One of the earliest types of pasta is lasagna, which is formed of very wide, flat sheet pasta. Either term can also refer to an Italian dish that consists of stacked layers of lasagne alternated with fillings like ragù (ground meats and tomato sauce), vegetables, cheeses (which may include ricotta cheese, mozzarella cheese, and parmesan cheese, and seasonings and spices, like Italian seasoning, such as garlic, oregano, and basil, and the dish may be topped with grated cheese, which melts after baking. Usually, the prepared ingredients, including the prepared pasta, are baked in the oven. The finished baked pasta is divided into square serving sizes.
Bucatini, sometimes called perciatelli, are a type of thick pasta that resembles spaghetti and has a hole running through the middle of it. They are abundant throughout Lazio, especially around Rome.
Bucatini is a tubed pasta prepared from water and hard durum wheat flour. Nine minutes is the typical cooking time of this type of pasta.

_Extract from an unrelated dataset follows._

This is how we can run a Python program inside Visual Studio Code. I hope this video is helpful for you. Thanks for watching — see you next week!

In Italian cooking, bucatini is typically served with buttery sauces, vegetables, cheese, eggs, pancetta or guanciale, and anchovies or sardines. The Amatriciana sauce, also known as bucatini all’amatriciana, is one of the most often served sauces with bucatini. Guanciale, a form of cured meat derived from the pork jowl, is typically used to make it.
Did you know that you may make a biodegradable drinking straw out of uncooked bucatini? That’s right. It can also be used as a straw because of the hole at the center.

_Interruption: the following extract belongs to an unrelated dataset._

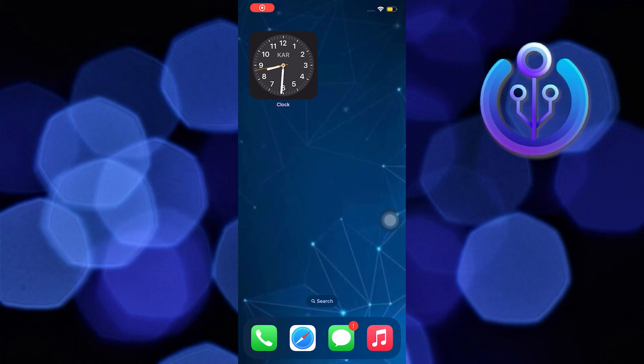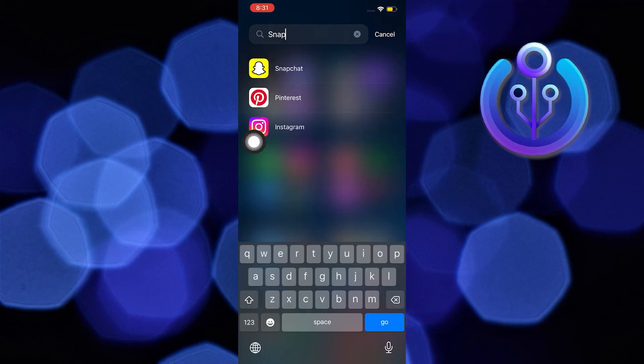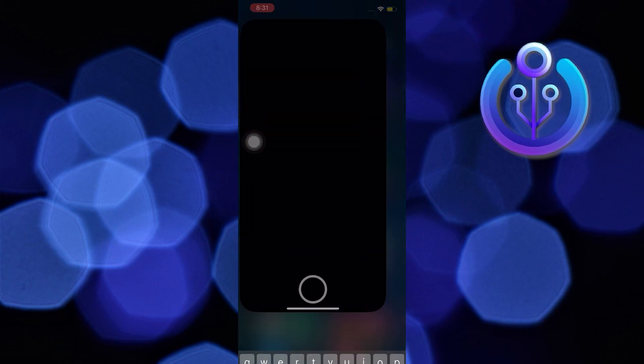Hi guys and welcome to How to Maximize. For today's video, I will show you how to get Snapchat Plus. To start, open your Snapchat application on your iOS device.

Spaghetti is a popular type of pasta, it is long, thin, cylindrical, and firm. It is a component of every classic Italian meal. Spaghetti is manufactured from milled wheat, water, and occasionally other vitamins and minerals, just as other types of pasta. Durum wheat semolina is often used to make spaghetti in Italy. Although whole wheat flour can be used, pasta is often made with refined flour, which makes it white. Capellini is a very thin kind of spaghetti, whereas spaghettoni is a thicker variation.
Spaghetti is usually served with tomato sauce, meat or meatballs, and vegetables.
Similar to spaghetti, but a little bit wider and flat.
This type of pasta is typically served with sauces like pesto. It’s also a typical noodle accompaniment for seafood meals, combined with white wine sauces, clams, and mussels. With linguine noodles, any white wine or cream-based sauce is a culinary delight.
Pappardelle is an extremely broad, flat pasta that originated from the Tuscany region.
Pappardelle pairs superbly with a meaty lamb ragù or a creamy mushroom sauce. With rich, meat-based sauces, pappardelle pasta noodles work even better. For instance, it’s excellent in seafood pasta recipes, despite being most frequently used in ragu or bolognese. Any hearty sauces may be thrown at it since it is huge, strong, and solid.
The type of pasta that is cut into a corkscrew or helical shape is called fusilli.
There are several grooves and crevices in this spiral-shaped noodle that may absorb excess sauce and dressing. It is strong enough to be used with meat sauces or other heavier sauces. However, pasta salads frequently incorporate it as well.
Unlike hand-rolled pasta and extruded pasta, gnocchi is made with potatoes as the main component and flour and eggs as the finishing touches. The form is compact and tiny, like a dumpling. It is somewhat heavier and goes well with practically every sauce you can think of.
Manicotti are frequently utilized in a similar manner as cannelloni tubes. So, after stuffing with a delectable filling, bake it with Béchamel sauce on top.
Generally speaking, this is quite similar to lasagna, manicotti is frequently stuffed with cheese, covered in sauce, then baked to complete. But rather than being stacked, it’s meant to be rolled up and filled.